During the second quarter of fiscal 2015, the Company began implementing a series of initiatives intended to improve operational efficiency, reduce costs, and better position itself to drive growth of the business in the future (the "2015 Restructuring"). The 2015 Restructuring was not completed in fiscal 2015, and actions related to the 2015 Restructuring continued into fiscal 2016. Actions related to the 2015 Restructuring completed during 2015 and the first six months of fiscal 2016 include involuntary terminations, the abandonment of certain leased offices, combining operational organizations, and the co-location of employees into other existing offices. We are not exiting any service types or client end-markets.

 

The costs of the 2015 Restructuring are included in selling, general, and administrative expense in the Consolidated Statements of Earnings. The following table summarizes the impact of the 2015 Restructuring on the Company's reportable segments for the three and six month periods ended April 1, 2016 (in thousands):

 

 

Three Months Ended

 

 

Six Months Ended

 

 

April 1, 2016

 

 

April 1, 2016

 

Petroleum & Chemicals

$

29,039

 

 

$

53,015

 

Buildings & Infrastructure

 

601

 

 

 

15,567

 

Aerospace & Technology

 

239

 

 

 

2,435

 

Industrial

 

2,316

 

 

 

19,893

 

Corporate

 

3,173

 

 

 

12,841

 

Total

$

35,368

 

 

$

103,751

 

 

 

The Company’s accrual for the 2015 Restructuring as of October 2,  2015 was $102.2 million.  There were $103.8 million of charges and $69.8 million of payments during the six months ended April 1, 2016.  The accrual balance was $136.1 million as of April 1, 2016.

 

 

Long-term Debt

Jacobs and certain of its subsidiaries have a $1.6 billion long-term unsecured, revolving credit facility (the “2014 Facility”) with a syndicate of large, U.S. and international banks and financial institutions. The 2014 Facility also provides an accordion feature that allows the Company and the lenders to increase the facility amount to $2.1 billion.

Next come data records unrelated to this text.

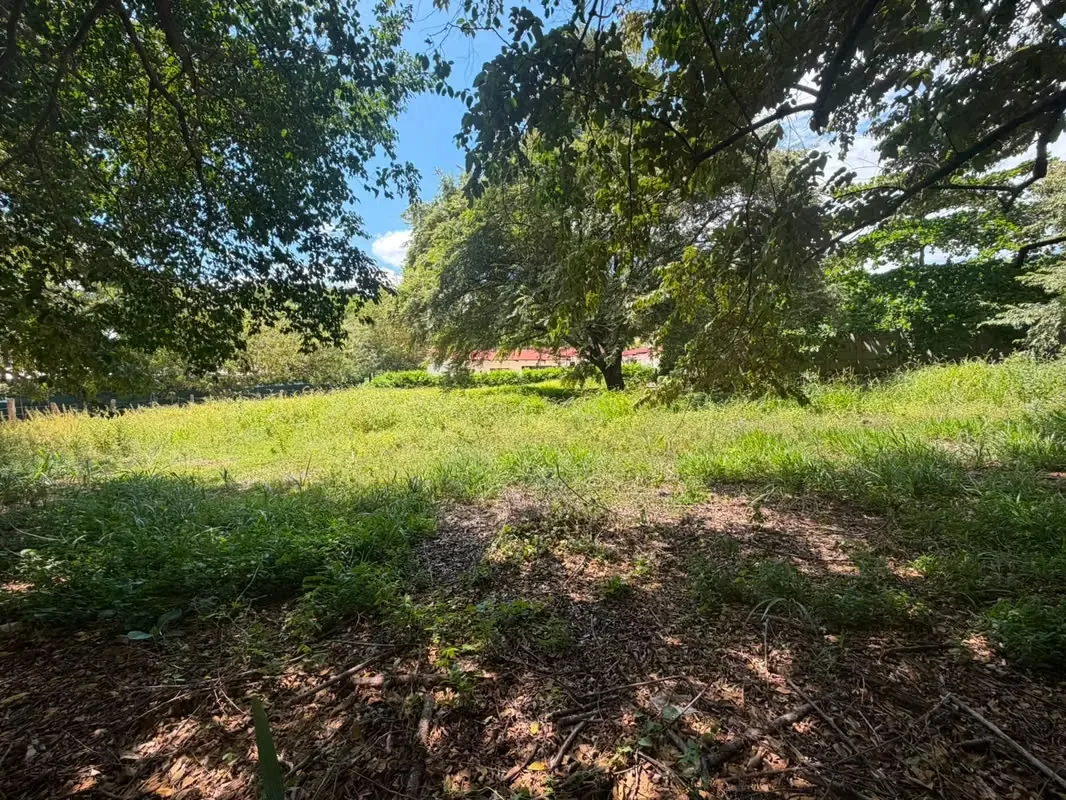 Lote Comercial de 1,423 m² con Uso Mixto | Entre Huacas y Villarreal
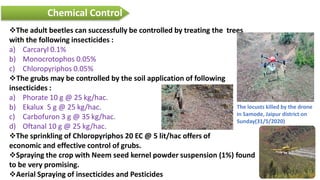 Locust attack -A threat to agriculture | PDF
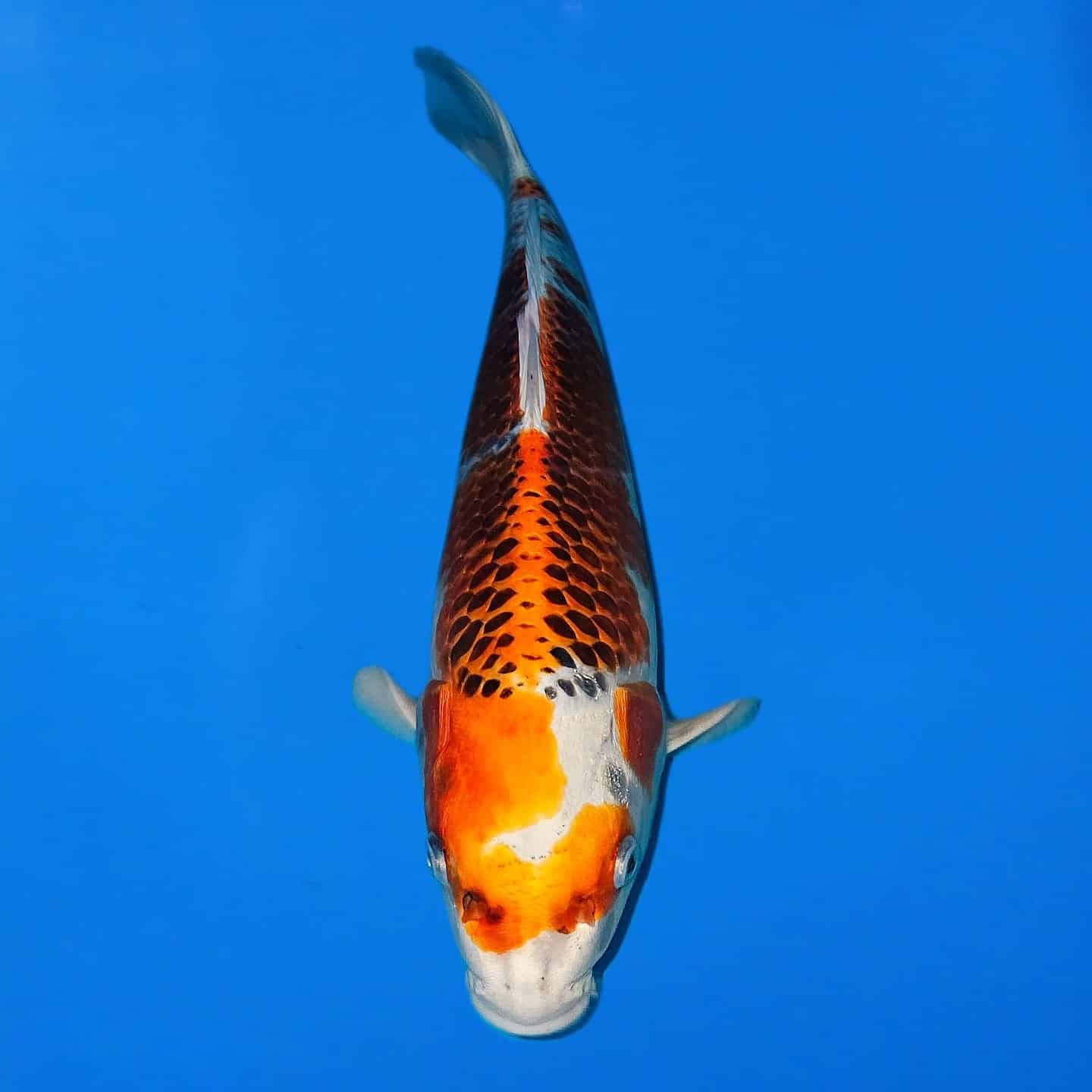 Maruhiro Kujaku Ref0424-E Maruhiro Kujaku Ref0424-E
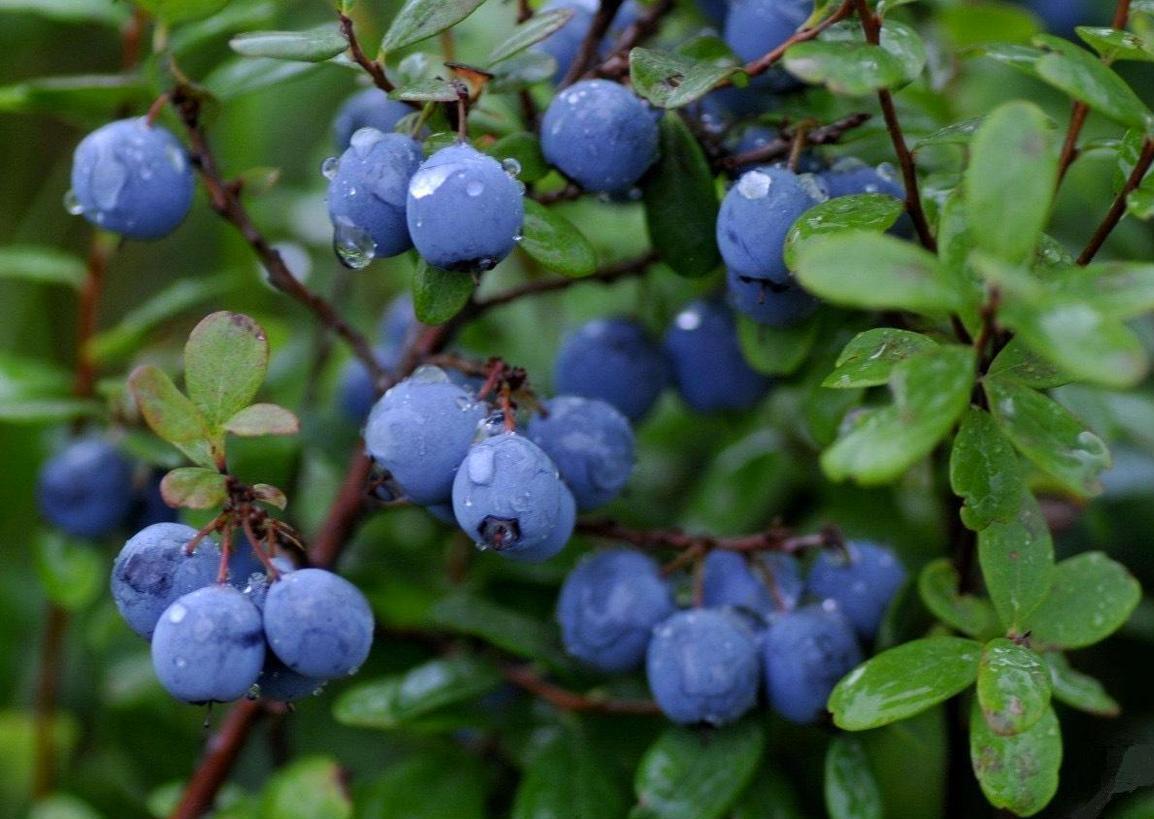 蓝莓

The total amount outstanding under the 2014 Facility in the form of direct borrowings at April 1, 2016 was $530.0 million. The Company has issued $2.5 million in letters of credit under the 2014 Facility leaving $1.1 billion of available borrowing capacity under the 2014 Facility at April 1, 2016. In addition, the Company had $235.9 million issued under separate, committed and uncommitted letter-of-credit facilities for total issued letters of credit of $238.4 million at April 1, 2016.

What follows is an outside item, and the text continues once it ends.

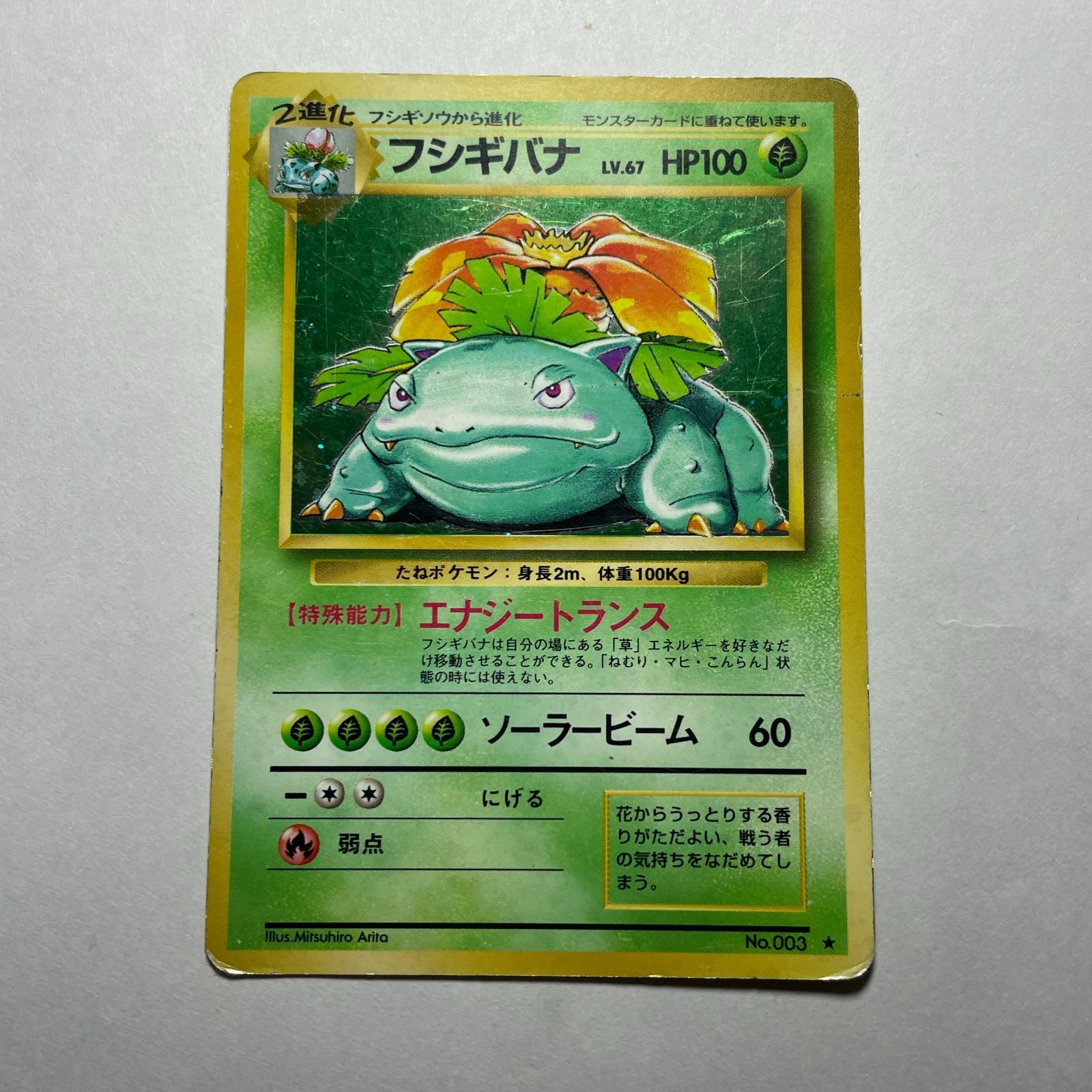 フシギバナ 第一弾 Venusaur Base Set - メルカリ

The 2014 Facility expires in February 2020 and permits the Company to borrow under two separate tranches in U.S. dollars, certain specified foreign currencies, and any other currency that may be approved in accordance with the terms of the 2014 Facility. Depending on the Company’s Consolidated Leverage Ratio, borrowings under the 2014 Facility will bear interest at either a eurocurrency rate plus a margin of between 1.0% and 1.5% or a base rate plus a margin of between 0% and 0.5%. The 2014 Facility also provides for a financial letter of credit subfacility of $300.0 million, permits performance letters of credit, and provides for a $50.0 million subfacility for swingline loans. Letters of credit are subject to fees based on the Company’s Consolidated Leverage Ratio at the time any such letter of credit is issued. The Company pays a facility fee of between 0.100% and 0.250% per annum depending on the Company’s Consolidated Leverage Ratio. Amounts outstanding under the 2014 Facility may be prepaid at the option of the Company without premium or penalty, subject to customary breakage fees in connection with the prepayment of eurocurrency loans. The 2014 Facility contains affirmative, negative, and financial covenants customary for financings of this type including, among other things, limitations on certain other indebtedness, loans and investments, liens, mergers, asset sales and transactions with affiliates. In addition, the 2014 Facility contains customary events of default. We were in compliance with our debt covenants at April 1, 2016.

 

 

Revenue Accounting for Contracts / Accounting for Joint Ventures

In general, we recognize revenue at the time we provide services. Depending on the commercial terms of the contract, we recognize revenues either when costs are incurred, or using the percentage-of-completion method of accounting by relating contract costs incurred to date to the total estimated costs at completion. Contract losses are provided for in their entirety in the period they

Page 11


JACOBS ENGINEERING GROUP INC. AND SUBSIDIARIES

NOTES TO CONSOLIDATED FINANCIAL STATEMENTS – UNAUDITED

April 1, 2016

(continued)

 

become known, without regard to the percentage-of-completion. For multiple contracts with a single customer we account for each contract separately. We also recognize as revenues, costs associated with claims and unapproved change orders to the extent it is probable that such claims and change orders will result in additional contract revenue, and the amount of such additional revenue can be reliably estimated. A significant portion of the Company’s revenue is earned on cost reimbursable contracts. The percentage of revenues realized by the Company by type of contract during fiscal 2015 can be found in Note 1—Description of Business and Basis of Presentation of Notes to Consolidated Financial Statements included in our 2015 Form 10-K.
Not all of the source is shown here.